ROBERT DEVEREUX, EARL OF ESSEX.
BORN 1567, EXECUTED 1601.
Full length. White dress. Embroidered vest. George, Ribbon, and Garter. Left hand resting on the pommel of his sword; right hand holding a cane.
THE eldest son of Walter, first Earl of Essex of the Devereux family, by Lettice, daughter of Sir Francis Knollys, Knight. He succeeded to the title and estates before he had reached his ninth year. But his father’s solicitude had provided him with worthy guardians; Lords Burghley and Sussex, and Dr. Waterhouse, of whom, in his last moments, Walter, Lord Essex, took leave in these terms—‘Farewell, Ned; thou art the friendliest and faithfullest gentleman that ever I knew;’ and well did Waterhouse fulfil the trust imposed on him by his dying friend, he took the direction of the minor’s affairs, which he managed with great ability, and watched over the boy himself, with paternal care.
In 1577 young Essex went to Cambridge, where he bore an excellent character, and gained the reputation of ‘an elegant scholar,’ while his refined and genial manners made him generally popular. He remained at the University till 1581, when he retired to his country house in Pembrokeshire, and seemed to have ‘become enamoured of a rural life.’ In 1584, on his first presentation at Court, he found his stepfather, the Earl of Leicester, reigning supreme, with whom he was in no way inclined to stand on friendly relations. The sudden death of Essex’s father, and the indecent haste of his mother’s marriage with Robert Dudley, were too vivid in his remembrance. But the royal ægis had been thrown over the pair, and the matter had been hushed up. Lord Leicester strove by every means in his power to propitiate his wife’s son, and the young man was not proof against the professions of affection, or the prospects of advancement. At least so it would seem, for in the following year the two Earls went together to the Low Countries, Leicester as Captain-General, and Essex (though not more than eighteen at the time) as General of the Horse. Here the latter was greatly commended for his valour, more especially at the battle of Zutphen.

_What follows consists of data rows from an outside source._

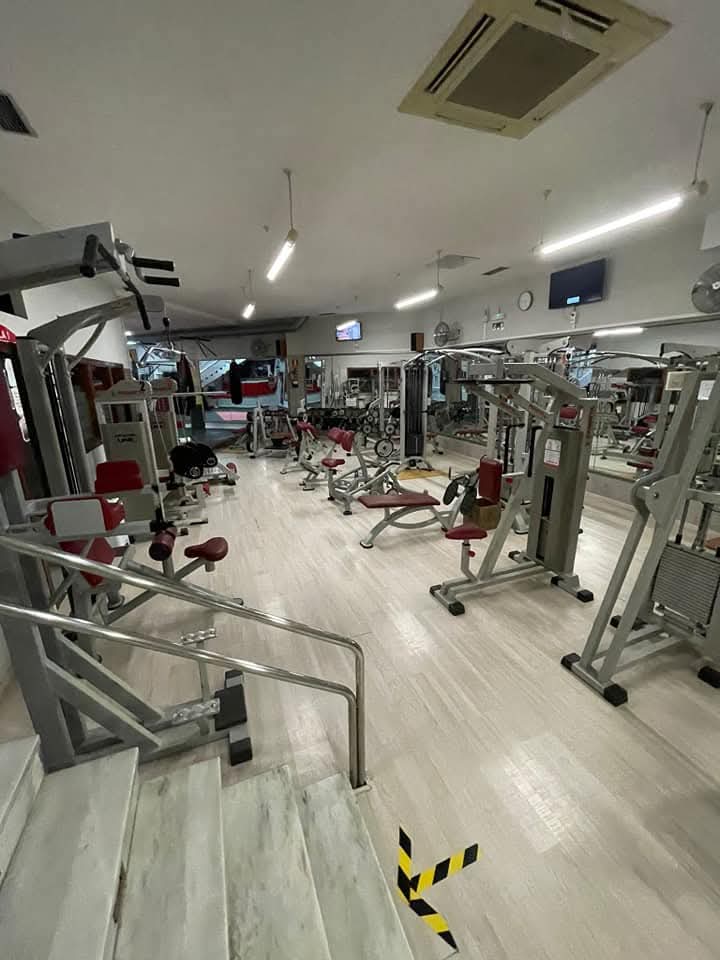 Gimnasio Athlon Fitness ,Clases Dirigidas y Artes Marciales Viladecans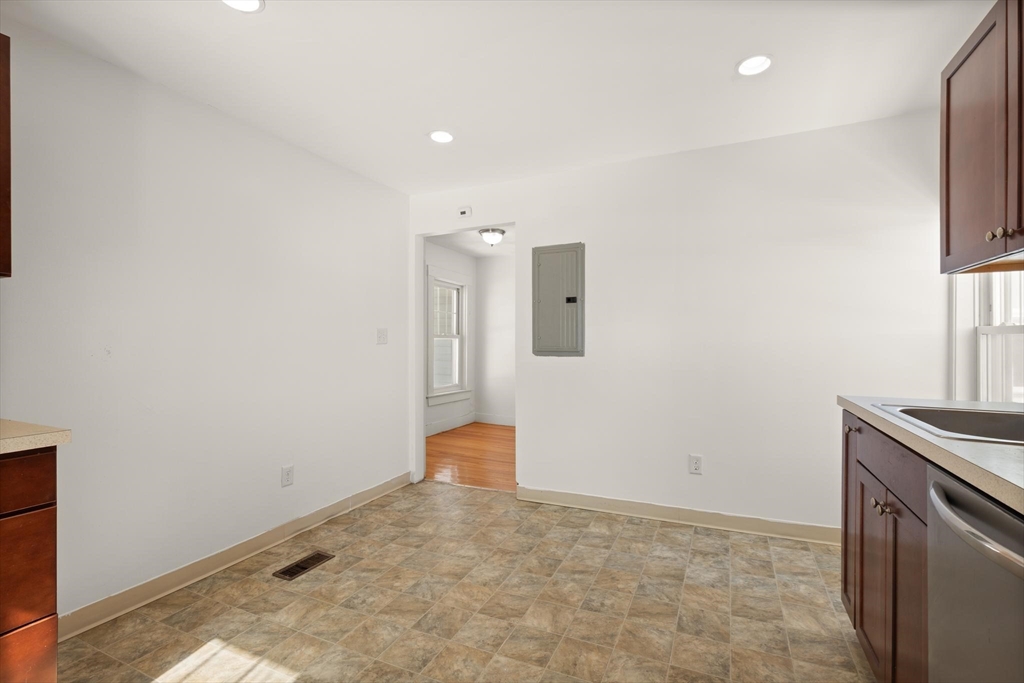 22 Scott Street Woburn, MA 01801 - Photo 13 of 29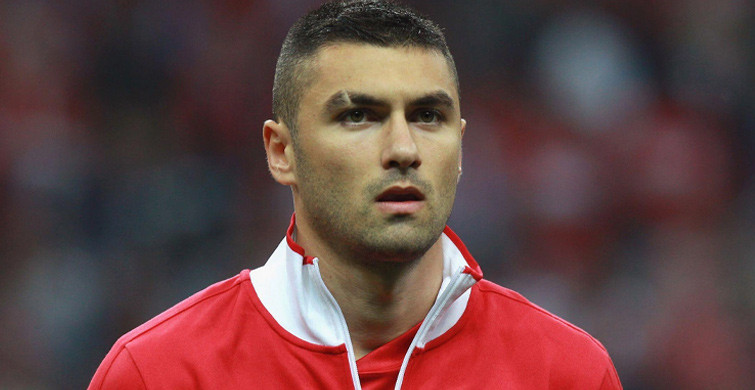 Burak Yılmaz, Ligue 1'de Nisan Ayının Futbolcusu Seçildi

On his return to England he was made Master of the Horse, and not only intrusted with a high command in the army, at the time of the threatened Spanish invasion, but invested with the Order of the Garter—a proceeding which excited no little jealousy. Lord Leicester dying in the same year, the post of first favourite became vacant, and to that dangerous elevation was the new knight elected without loss of time; and now began afresh the disgraceful farce which Elizabeth Tudor had already enacted with Leicester, and in a minor degree with Sir Philip Sidney, and others. Alas! this time the curtain was to fall on a tragedy. The Queen’s coquetries, her advances and retreats, her attacks on the citadel of the handsome and accomplished courtier’s heart, are part of history, and need not be detailed here. Notwithstanding the honours she heaped upon him, his eager spirit was often ‘vexed past patience,’ even in these early days.
In 1589 he absented himself without leave from Court, even as Sir Philip Sidney had done before him, and sailed with Sir Francis Drake on his expedition to Portugal. Elizabeth ordered him to return in a most peremptory letter written with her own hand; but when he did so, she received him with open arms, keeping up for some time a skirmish of lover’s quarrels. At length her indignation was seriously aroused on learning the old story, that her favourite had married without her permission.
She called it a mésalliance, a word that could scarcely apply in the case of the daughter of Sir Francis Walsingham, and the widow of Sir Philip Sidney.